I suspect 1 gpm is too high for a gravity system (I have a pump); kettle-to-carboy is not more than a few feet of hieght drop and 20+ feet of 1/4″ ID tubing has a significant frictional effect that cannot be ignored. A decent thumbrule (for cold water) would be about 0.2-0.7 psi pressure loss per foot when flowing at 1 gpm in 1/4 ID line (depending on material and smoothness). Using the low end of the range and 20 ft of tubing would require 4 psi, which would require over 9 feet to get 1 gpm.

Anyway, engineering calculations regarding fluid flow and heat transfer are usually crude and must be validated with empirical data.

Also, regarding Mike’s question above: Yes it will work, however. . .

You will hve to melt almost a pound of ice for each pound of wort (about 8 lbs per gallon) to keep the ice bath at 32F. You might be able to use a little less if you let the water bath (melted ice) increase in temperature at the end. Tube length could be almost any length you want depending on how fast the flow is (faster flow, longer tube) and how much you stir the ice bath. A CFC will use 2-3 times more water, but no electricity is wasted freezing the ice.

I’d considered putting a small “immersion” chiller (in a bucket full of ice) in line with my CFC water inlet to drop the temperature to improve cooling. However, that adds complexity to my setp and the same cooling effect could be achieved by reducing the flowrate of the wort (my inlet water never gets above 60F).

As a side note, I had been using an immersion chiller which worked pretty well, but decided to go with a CFC to save the 25-45 minutes of chill time (10-12 gal) since chilling and racking will now be simultanious. With the IC, I found a great improvement by doing a few things: 1) make sure the coils are at the top of the wort level, 2) mist/spray water on the outside of the kettle, and 3) stir the wort occasionally using the immersion coils. I intend to continue to spray down the kettle when I use my CFC.

Scott

But in your case, unless you take steps, the coolant will be motionless. The coolant in close proximity to the copper tubing will quickly warm up to the hot wort temperature, and then heat transfer will stop.
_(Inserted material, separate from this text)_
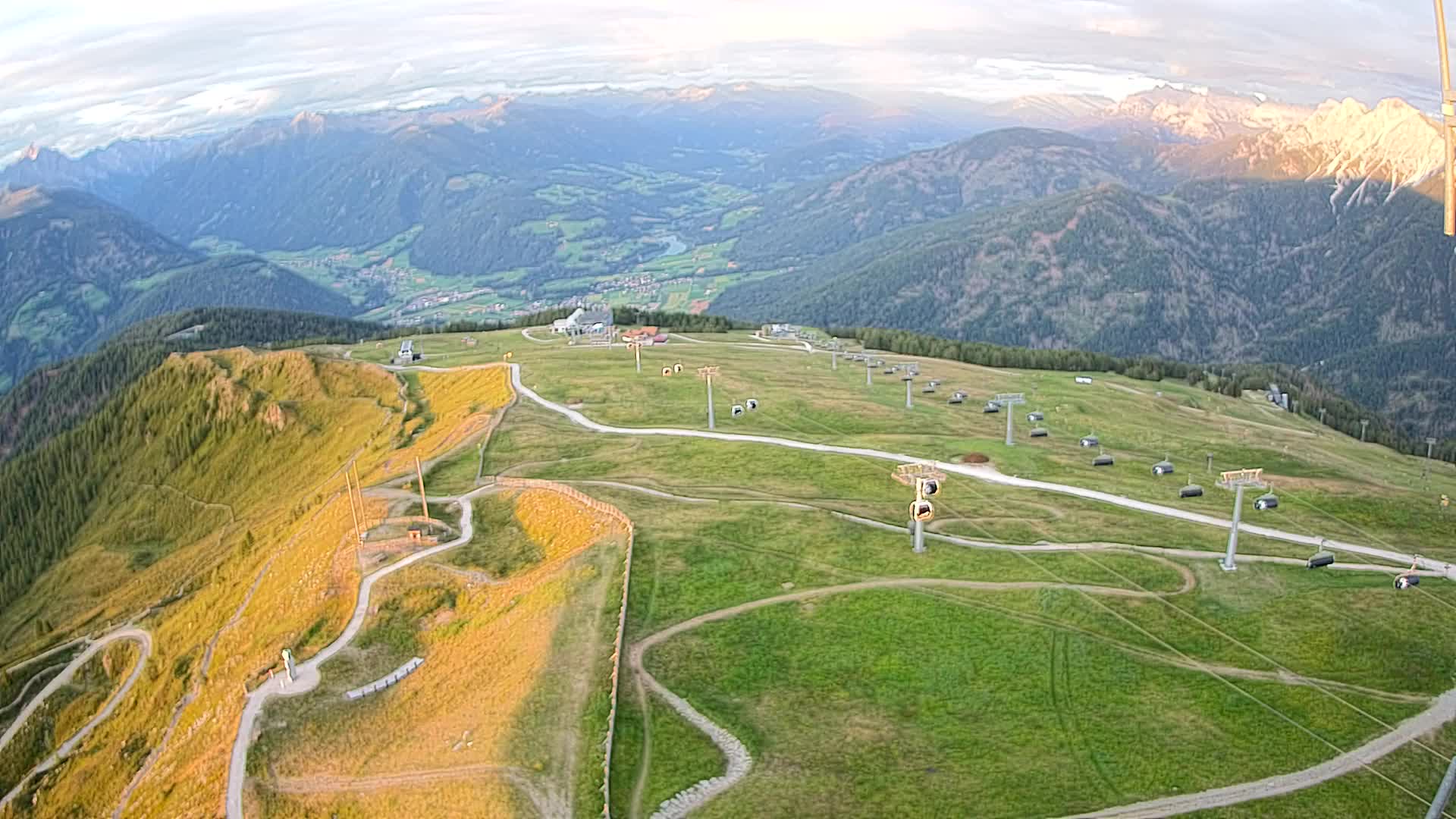 Sommet du Kronplatz | vue sur Valdaora – Olang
The rate of heat transfer is proportional to the temperature difference. As the coolant temperature outside the tubing approaches the wort temperature inside the tubing, the rate of heat transfer approaches zero.

If the coolant is motionless, then the copper windings will not help induce turbulence. I would suggest that you should get the coolant moving yourself. You could use a pump to circulate the coolant, drawing from the bottom of the bucket, and returning to the top. Since it’s only coolant, not beer, the pump can be any cheapo Home Depot pump, it doesn’t have to be food-grade or magnetically-coupled or anything fancy.

Alternatively, you could put some kind of impeller in the bucket to keep things moving.